CSC411 Lecture 2

Recall that regression means fitting a model to data. So in 1D regression, you are matching a curve of values to a bunch of data points.

The key questions to keep in mind are:
-How do we parammetrize that model?
-What loss (objective) function should we use to judge our model?
i.e. judge how far off our model is from reality.
-How do we *generalize* our model and its fit to unseen data?

We choose to describe the data D as a bunch of pairs ((x1, t1), (x2, t2), ...) where x is the input feature and t is the target output. Now we can create new data for given values of x by making a pair (x, f(x)), where f(x) is our model.

We can use the training examples we're given to construct
a hypothesis, or **function approximator**, that maps x to
predicted y. Then we evaluate this hypothesis on the test set
to see how well it works out. If we leave some data out of our
training examples, we can use the excess data to figure out
how much loss our function has.

There are a few problems that this runs into. We call lack of fit
that results from these problems **noise**:

- Maybe we don't have enough data.
- Maybe the input feature or target output is imprecise
- Maybe we need more attributes

For least-squares regression, the standard loss function measures the squared error in y from x, in other words the squared difference between our prediction and the objective value.

N = amount of data w = vector of parameters for our model

J(w) = sum(n=1 to N)[tn - (w0 + (w1)(xn))]^2

One straightforward method of minimizing the error, or optimizing
the objective, is to initialize w randomly and then repeatedly minimize
it based on **gradient descent** in J

w <- (update to) w - lambda * derivative of J w.r.t. w

where lambda is the learning rate. The lower the learning rate, the longer it takes to get to the minimum, leading to smaller changes in w. The choice of our optimization method and learning rate is very important, and will be examined in more detail later.

The LMS update rule suggests that for a single training case we adjust using the error applied to the derivative.

We have two ways of generalizing this:

Stochastic / online update: Update params for each training case in turn, according to that cases own gradients

Batch update: sum or average updates across every example i, then change the parameter values afterwards.

There's an underlying assumption that the sample is independent and identically distributed(i.i.d.), i.e. the data has no bias. This assumption is applied to make the math for all these algorithms work.

Instead of examining values case by case, we take the derivatives, set to zero, and then solve for the parameters.

SOLVE: dJ(w) / dw0 = 0

Useful to work through this and get the expected result.

An alternative to the least-squares objective is to try and minimize the absolute error (sum over n)|tn - (wT)(xn)|. (What is wT)?
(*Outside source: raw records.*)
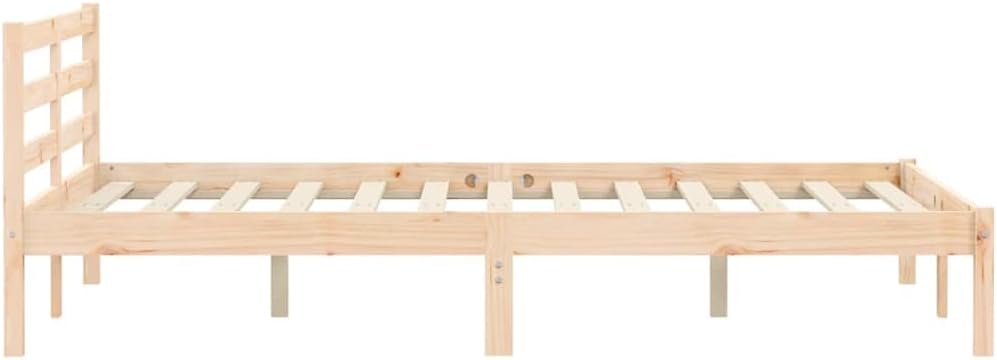 Solid Pine Wood Bed Frame Queen Size Modern Platform with Headboard, Sturdy Natural Wood Bedframe for Adult Bedroom, Minimalist Furniture 76.97 x 56.10 x 27.36 Inches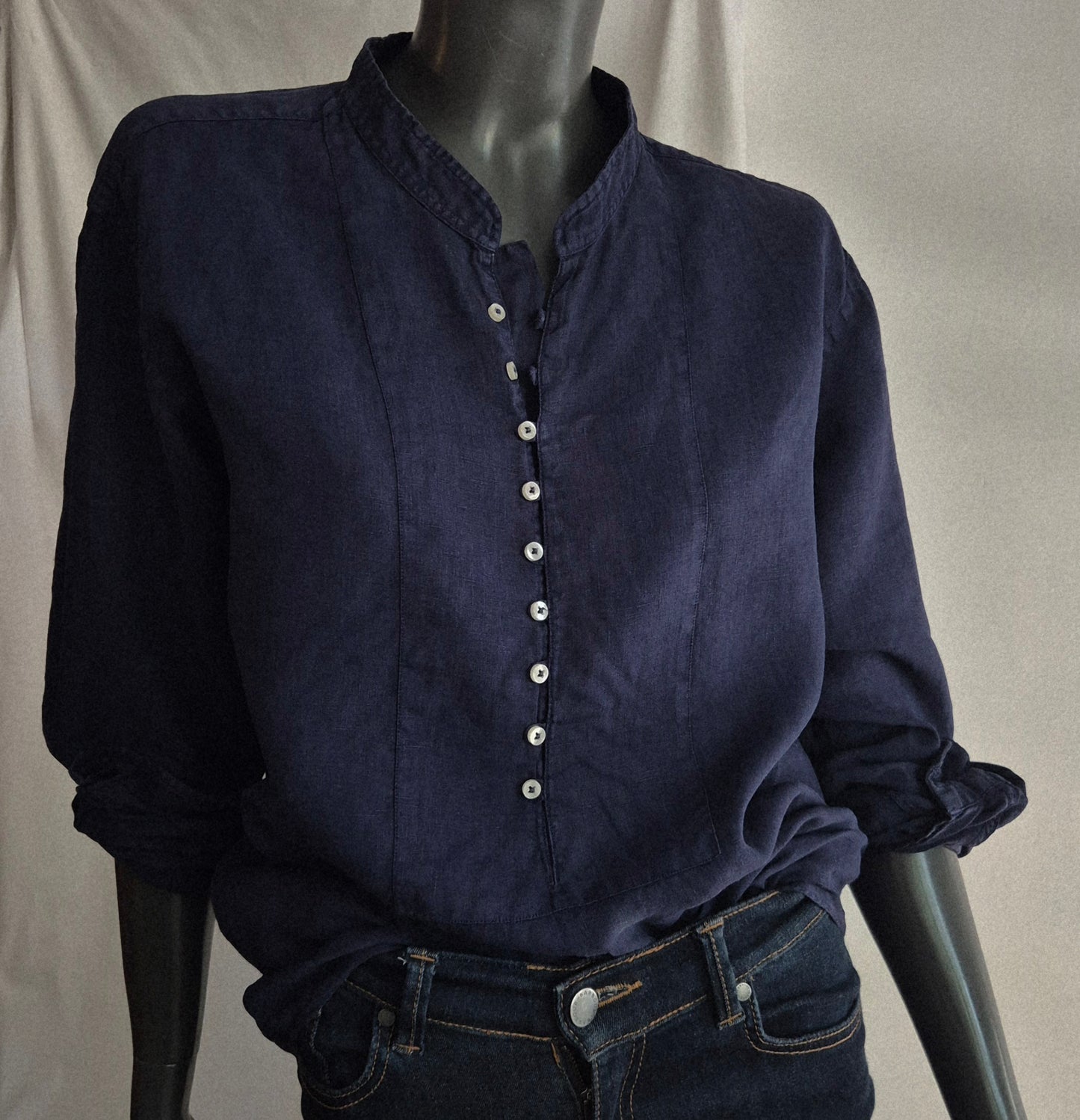 tamnoplava bluza/tunika, lan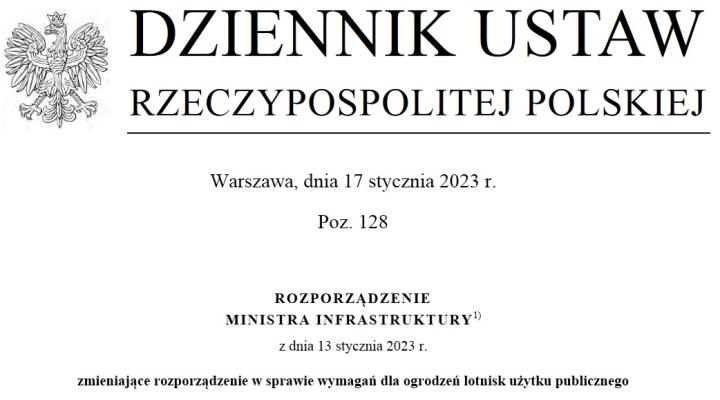 Rozporządzenie Ministra Infrastruktury z 13 stycznia 2023 r.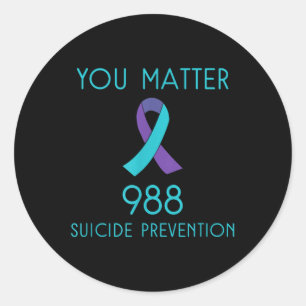 Suicide Prevention 988 Hotline Shirt Ronde Sticker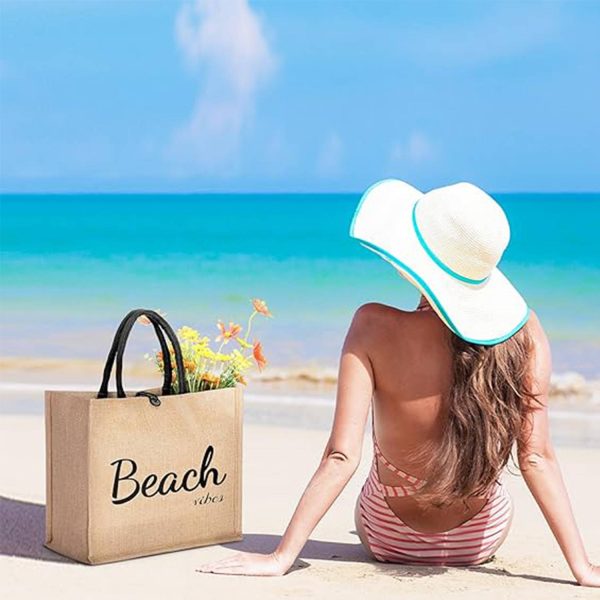 Spacious Linen Cotton Beach Tote Bag w/ Wallet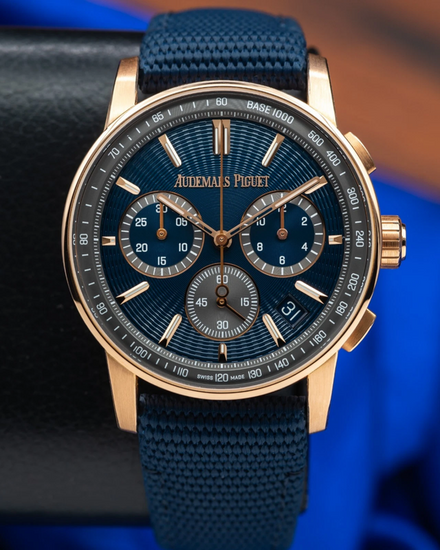 2024 Audemars Piguet Code 11.59 Chronograph 41MM Blue Dial Textile Strap (26393OR.OO.A348KB.01)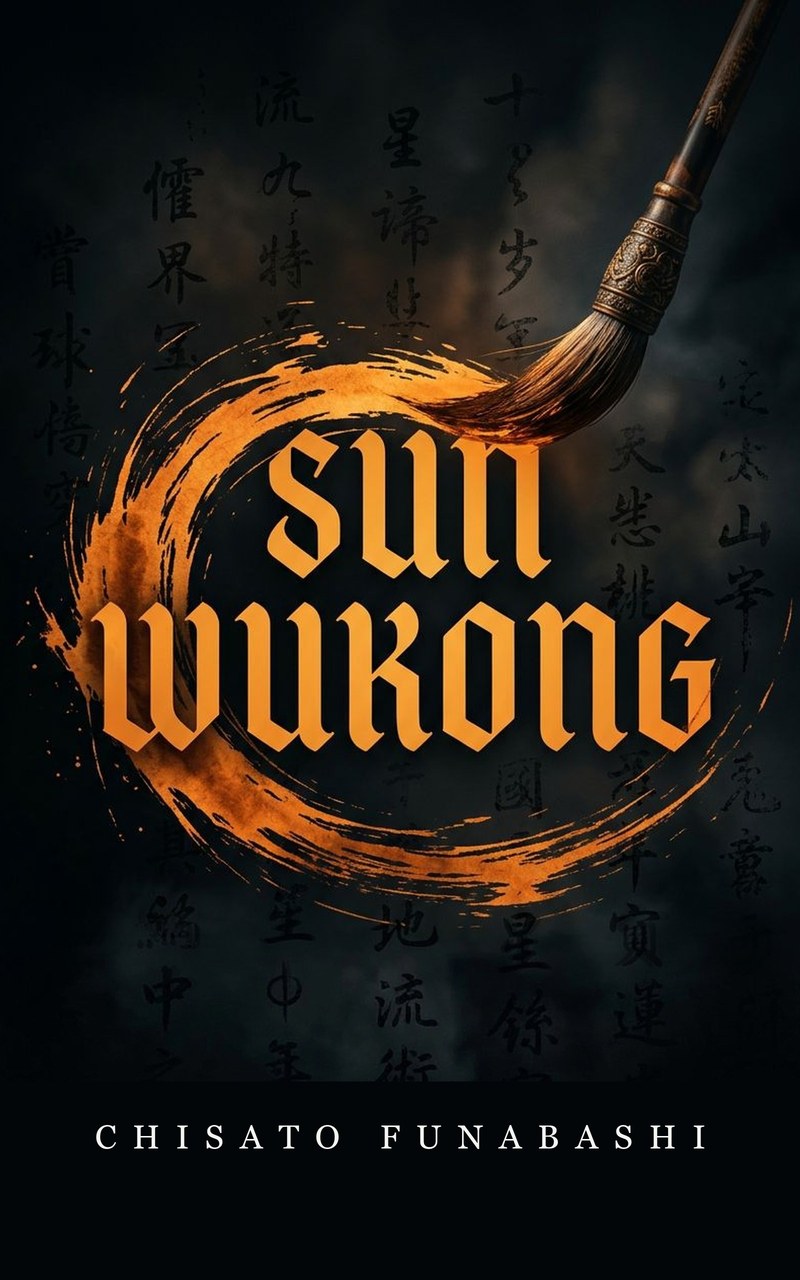 The cover of Sun Wukong by Chisato Funabashi: an orange brush stroke circles the title on a dark ground of faded calligraphy, with a brush at upper right.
Taking the derivative of this isn't easy, so instead you have to solve a linear programming problem, which is more time-consuming.

As we will see later though, there are reasons to want to use this optimization method though.

When we generalize to more than one input, each training case's x value becomes a vector of x1 to xd, representing each of the input values.

Essentially we have a polynomial function with x0 = 1, so in the form

y = w0 + w1x1 + w2x2 + ...

We can try to fit a polynomial function to our regression by defining input vars that are combos of components of x.

Regularization, otherwise known as weight decay, aims to find the simplest model that fits the data the best. We can modify the least-squares method to fit this.